Jemari Lona mulai mengetik sesuatu di lembaran wordnya. "J u d u l... Ehm..." Lona berfikir sejenak. "Ah! J u d u l... C i n d e r e l l a w i t h P r i n c e. Oke! Judulnya CINDERELLA With PRINCE!" Lona berseru senang.

"Tapi...kisah cinderella cukup klasik dan cukup pasaran." Lona menatap judul cerita barunya. "Sepertinya aku harus menambahkan sesuatu yang unik," gumamnya kemudian.

"Hai, Bitch!" seru seseorang menyapa Lona.

Lona menoleh ke arah perempuan yang menyapanya dengan tidak sopan itu. Ia memutar bola matanya saat melihat Dantya berdiri di sebelah mejanya dengan baju kurang bahannya. "Ini masih pagi dan kau sudah berniat menjajakan selangkanganmu? Aku fikir kau hanya bekerja di malam hari ini." Lona melirik paham Dantya yang terekspos.

Dantya menunduk menatap arah pandangan Lona. "Aku hanya sedang memamerkan aset berhargaku. Sayang sekali kalau tubuh seksiku harus tersimpan rapat di apartemen tua kita," celotehnya tersenyum menyeringai.

"Cih, apanya yang aset? Aset tidak lebih berharga jika kau mengumbarnya kepada siapapun. Bukankah hal yang langka justru terlihat jauh lebih menggoda." Lona sedang membicarakan aset miliknya yang tak pernah tersentuh oleh siapapun kecuali ia serta ibu dan dukun mandi yang memandikannya saat masih kecil.

Dantya merasa tersinggung dengan ucapan Lona barusan. "Yak! Pria jaman sekarang lebih menyukai wanita yang berpengalaman daripada perempuan yang masih perawan," ocehnya kemudian membalas ucapan sini Lona.

"Sialan! Berani sekali dia membawa bawa keperawananku," omel Lona dalam hati. Tatapan tajamnya saling beradu dengan mata tajam Dantya. "Kau!"

"Apa!" seru Dantya tak mau kalah.

"Thankyou!" celoteh Lona tersenyum lebar.

Dantya menatap Lona dengan alis yang menyatu. Ia heran karena Lona justru berterimakasih alih alih memakinya kembali. "Ada apa denganmu? Otakmu menjadi tidak waras setelah mendengar ejekan dariku?" tanyanya menatap Lona yang bertingkah aneh.
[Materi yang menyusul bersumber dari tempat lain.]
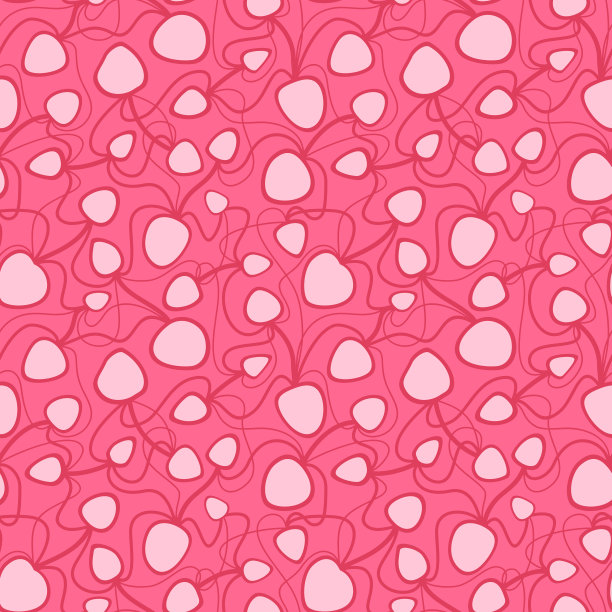 抽象矢量彩色无缝图案。复古手绘抽象有机图案图片下载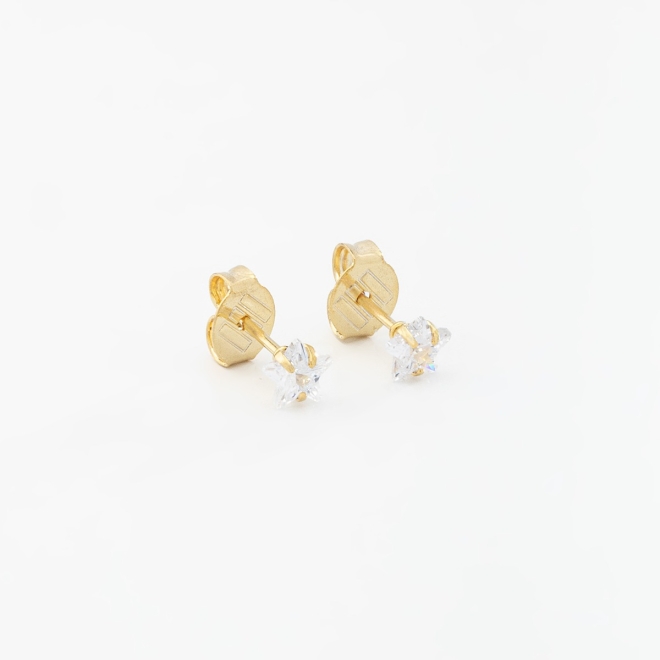 KBF-0152 KIT COM 10 BRINCOS ESTRELA DE ZIRCONIA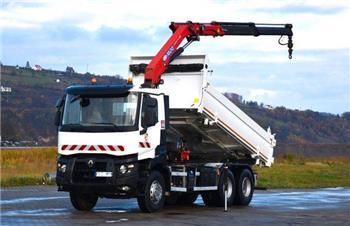Renault C 380 * KIPPER 5,20 m HMF 1820-K2 + FUNK /6x4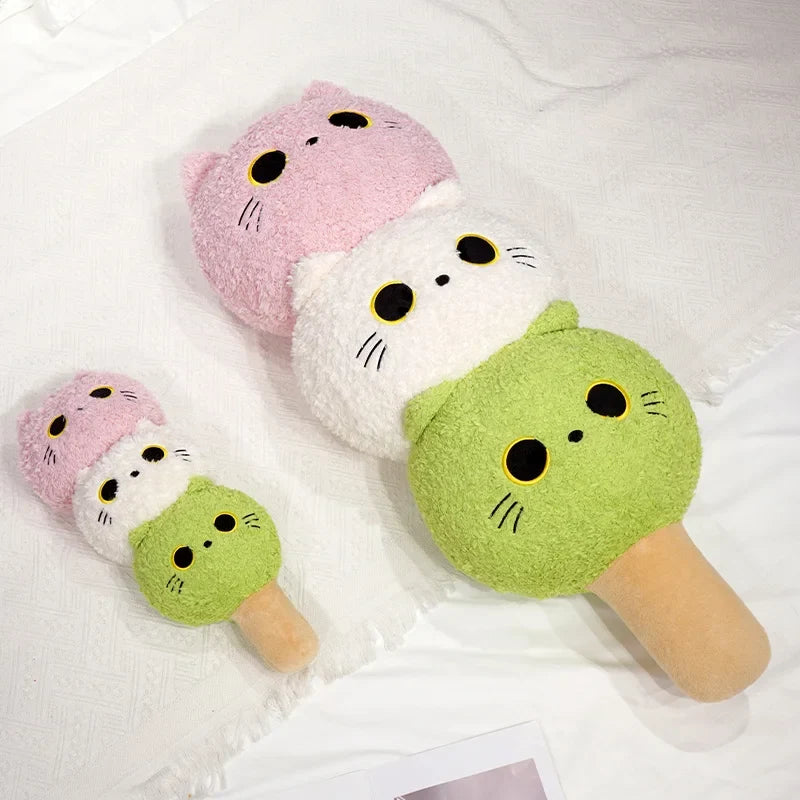 Dango Cat Plush Pillow - Soft Hanami Dumpling, 20-39" | 50-100 cm — image 5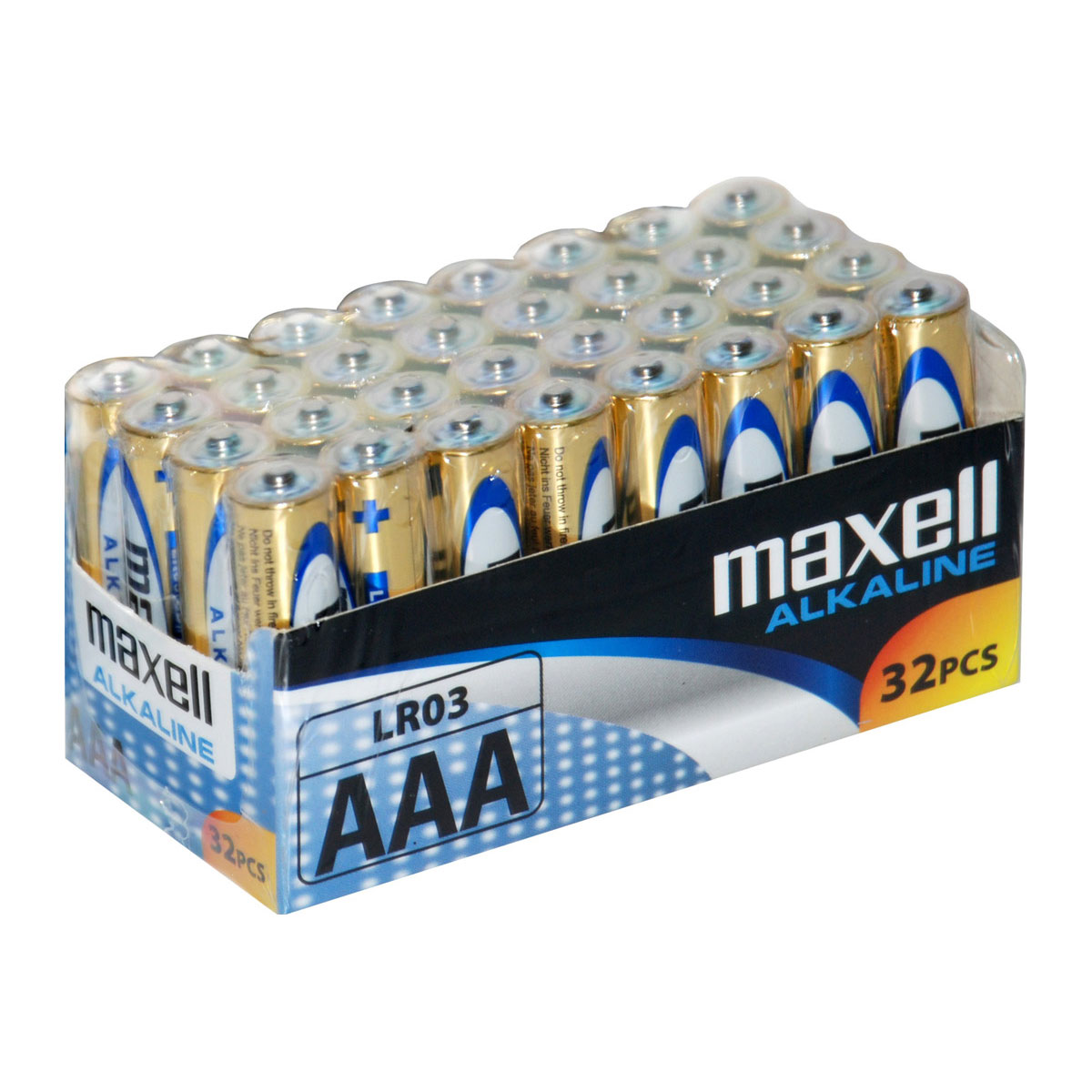 Maxell Pack Shrink 32 pieces LR03 Micro Alkaline 1,5 V AAA E92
"Tidak." Lona menggeleng. "Karena kehadiranmu saat ini, aku jadi mendapat ide cemerlang untuk karyaku selanjutnya," ujarnya menjelaskan.

"Ide apa?" tanya Dantya yang mengetahui jika Lona seorang penulis amatir.

"Aku akan membuat kisah cinderella, seorang pelacur yang menjajakan selangkangannya kepada semua pria berduit. Sama sepertimu." Lona tersenyum puas.

"Yak!" Dantya berseru karena kesal. "Kau..."

"Dan! Pesananmu sudah selesai!" seru Katy, pelayan di kafe ini.

Dantya menoleh ke arah kasir dan melihat pesanannya sudah selesai. Ia kembali menoleh ke arah Lona. "Kita lanjutkan makiannya lain kali," ujarnya kemudian berjalan ke arah kasir untuk membayar pesanannya. Dantya pergi dari kafe setelah mendapatkan pesanannya.

"Hahahaha." Lona tersenyum kecil setelah membuat Dantya kesal hingga wajahnya merah seperti tadi. "Oke, aku akan merubah judulnya."